L’endurance des joueurs de tennis : pourquoi la nutrition fait ou défait le match

Le nerf de la guerre : énergie vs fatigue

Chaque échange, chaque service, c’est un feu d’artifice métabolique. Quand le stock de glycogène s’amenuise, le corps crie « stop », la jambe flanche, le revers perd de la morsure. Les athlètes qui n’alimentent pas leurs muscles comme un moteur de Formule 1 le feront payer sur le court. Sans carburant adéquat, même le plus talentueux des joueurs ressemble à un éclair qui s’éteint avant la fin du set.

Glucides : le carburant du marathon

Les pâtes, le riz, les fruits secs : c’est le dépôt de réserves que tout pro doit charger la veille du tournoi. Une petite cuillère de maltodextrine avant le tie‑break et le corps libère du glucose en continu, comme une rivière qui ne tarit jamais. Oubliez les régimes « low‑carb », ils transforment les joueurs en tortues en plein sprint. L’astuce ? Manger 3‑4 g de glucides par kilo de poids corporel quotidiennement, et ré‑injecter un gel de 30 g à chaque heure de jeu intense.

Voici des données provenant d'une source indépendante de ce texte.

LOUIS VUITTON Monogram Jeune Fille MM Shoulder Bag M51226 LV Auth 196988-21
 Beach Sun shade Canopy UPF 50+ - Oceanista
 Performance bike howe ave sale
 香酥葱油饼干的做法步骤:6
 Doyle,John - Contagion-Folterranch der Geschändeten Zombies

Simple, efficace, implacable.

Protéines et récupération active

Le muscle n’est pas un sac en tissu, c’est un chantier de réparation. Après chaque set, les fibres se déchirent légèrement, et c’est le moment où les protéines interviennent, comme des maçons qui rebâtissent les murs. Une dose de 20 g de whey ou de poulet grillé dans les 30 minutes qui suivent le match permet d’éviter le phénomène de « muscle loss ». En plus, les acides aminés à chaîne ramifiée (BCAA) maintiennent la souplesse, évitent la raideur ; c’est le « secret sauce » des pros qui durent toute la saison.

Hydratation : la clef du timing

Un joueur mal hydraté ressemble à une horloge qui avance à contre‑courant ; les nerfs se rebellent, la concentration flanche, le service s’envoie à la casse. Boire 500 ml d’eau toutes les 20 minutes, agrémenté d’électrolytes (sodium, potassium) pour compenser la sueur, c’est garantir un timing de tir précis comme un sniper. Sans cela, même le meilleur coup devient un coup raté.

Le timing alimentaire, pas de place pour le hasard

Le repas d’avant‑match doit être digéré, mais pas épuisé. Trois heures avant le premier service, un bol de flocons d’avoine avec banane, miel et une poignée d’amandes donne une libération lente d’énergie. Une petite collation (barre énergétique, fruit) trente minutes avant le deuxième set rafraîchit les réserves sans alourdir l’estomac. Le post‑match, le corps réclame des glucides et des protéines en même temps ; un smoothie banane‑lait d’amande + whey le livre en un clin d’œil.

Action immédiate : charge tes réserves dès ce soir

Prépare un repas riche en glucides complexes (pâtes complètes, quinoa), ajoute une portion de protéine maigre et hydrate-toi correctement, puis, avant le coucher, savoure un yaourt grec avec des baies. Ce soir, le gain d’endurance commence, pas demain.